Segment Start: RECORDS SHOWN

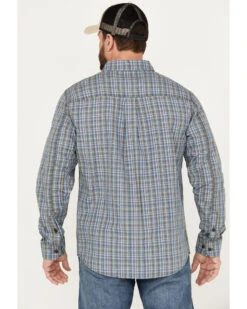 Brothers & Sons Men's Wewoka Plaid Print Long Sleeve Button-Down Western Shirt -Cheap Cowboy Form Store 2000386090 400 P4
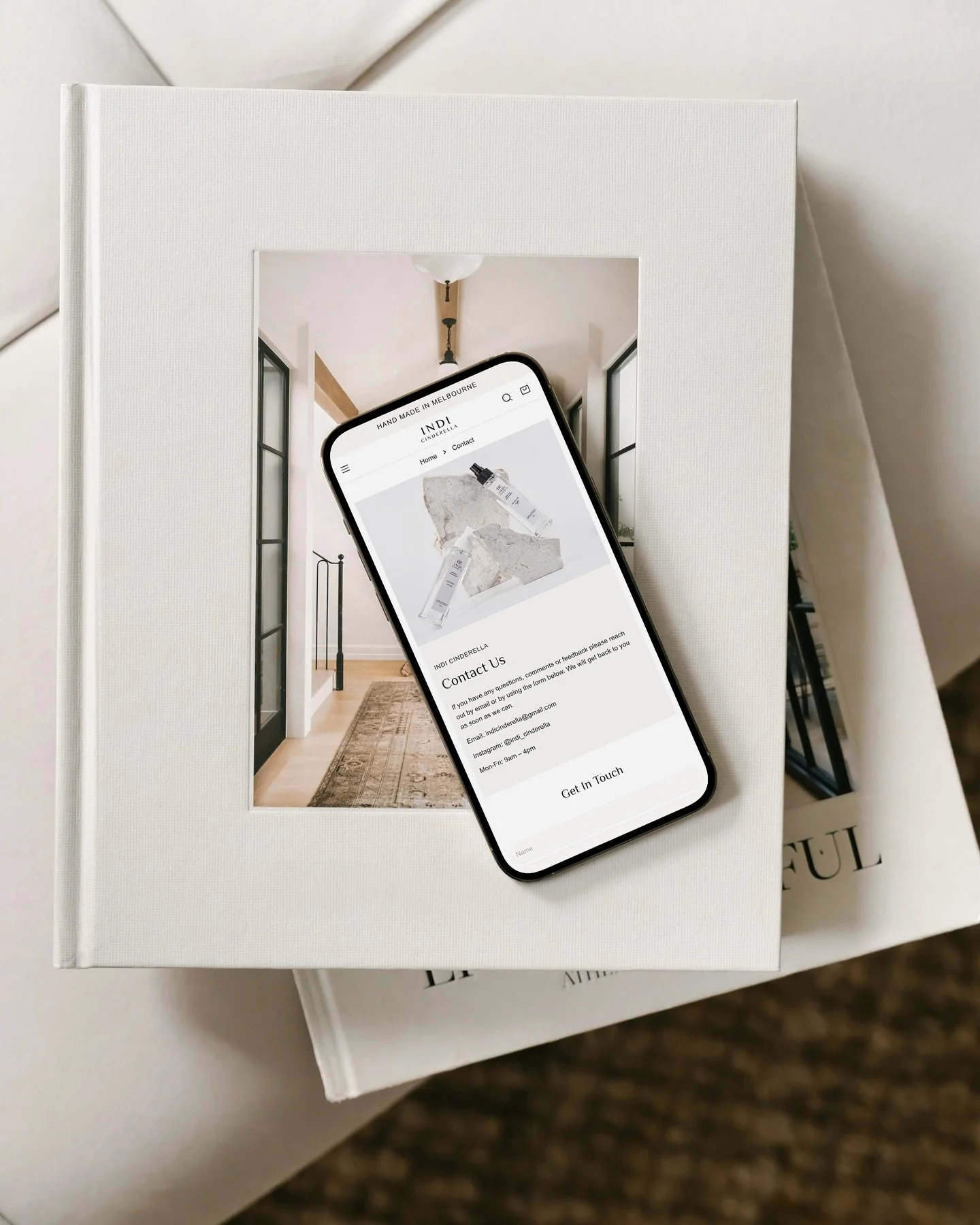 Coming Soon! ✨

We&rsquo;ve been working behind the scenes with Nina from @indi_cinderella, creating her brand-new Shopify website for her luxury home fragrance studio based in Melbourne. 🤍

Get ready to explore a world of eco-friendly, beautiful, a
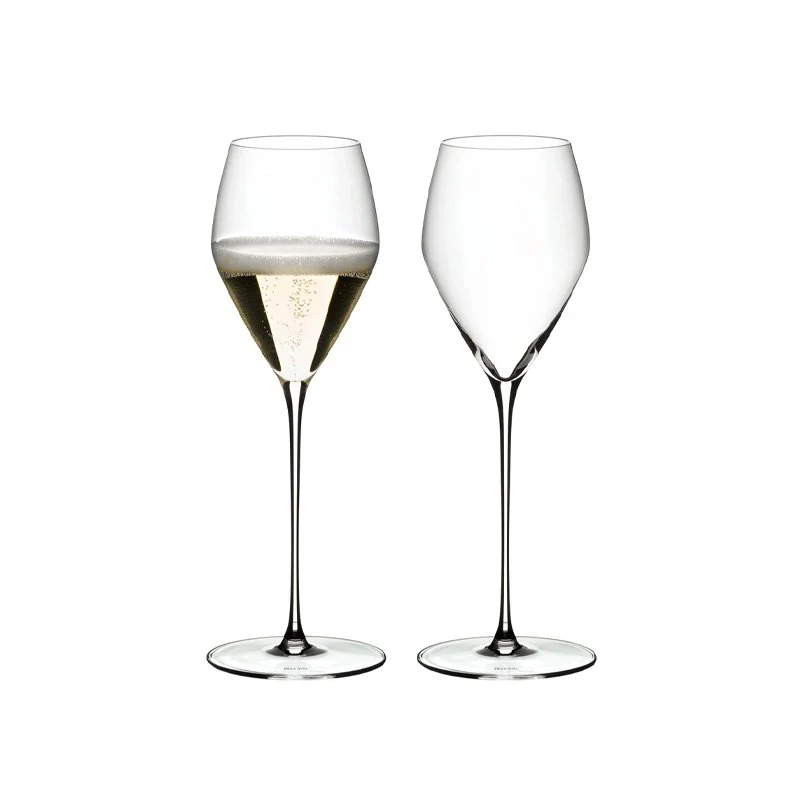 32.7 cl - Veloce Calice Flute in Vetro - Set 6 Pezzi - Image 4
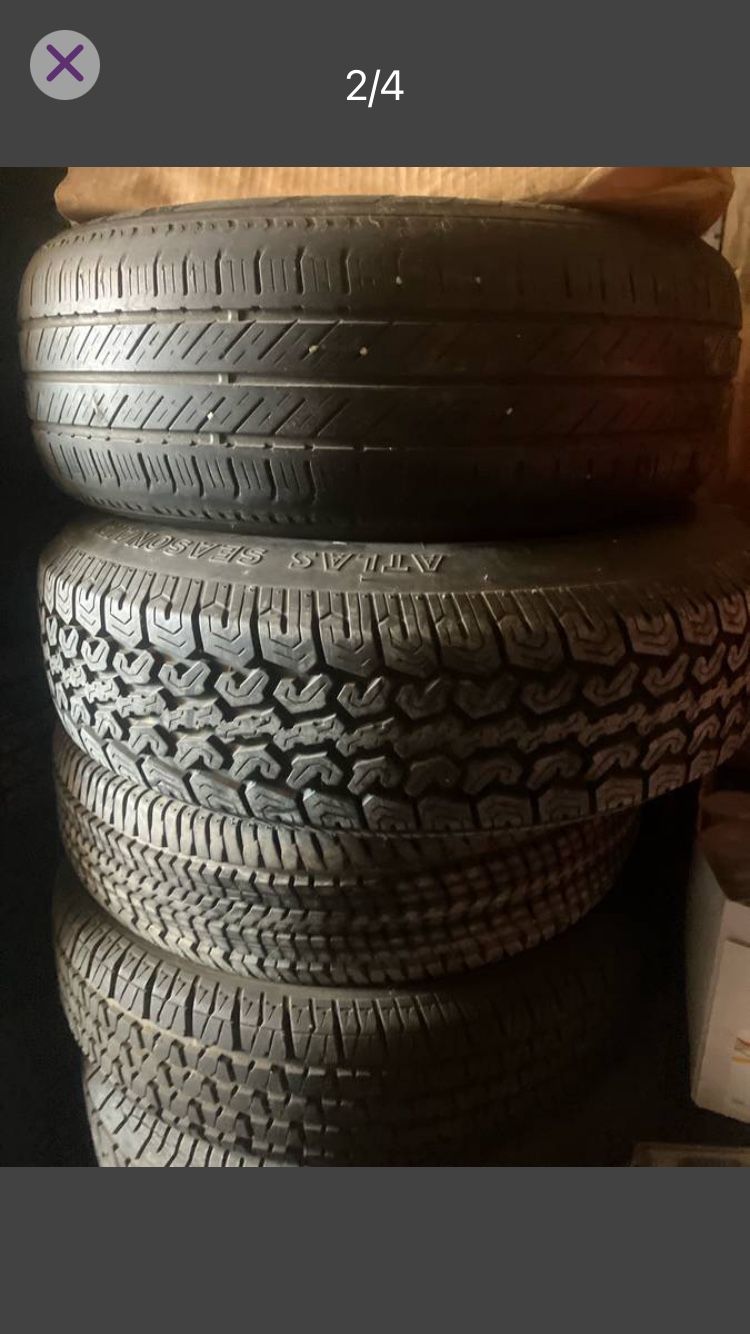 TIRES 30-40 ALL SIZES PICK UP TODAY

Segment End: RECORDS SHOWN

#### [WHAT THIS TASK INVOLVES]
Could you transcribe every entry above exactly, leaving out the images?

#### [REPLY]
 Brothers & Sons Men's Wewoka Plaid Print Long Sleeve Button-Down Western Shirt -Cheap Cowboy Form Store 2000386090 400 P4
 Coming Soon! ✨

We&rsquo;ve been working behind the scenes with Nina from @indi_cinderella, creating her brand-new Shopify website for her luxury home fragrance studio based in Melbourne. 🤍

Get ready to explore a world of eco-friendly, beautiful, a
 32.7 cl - Veloce Calice Flute in Vetro - Set 6 Pezzi - Image 4
 TIRES 30-40 ALL SIZES PICK UP TODAY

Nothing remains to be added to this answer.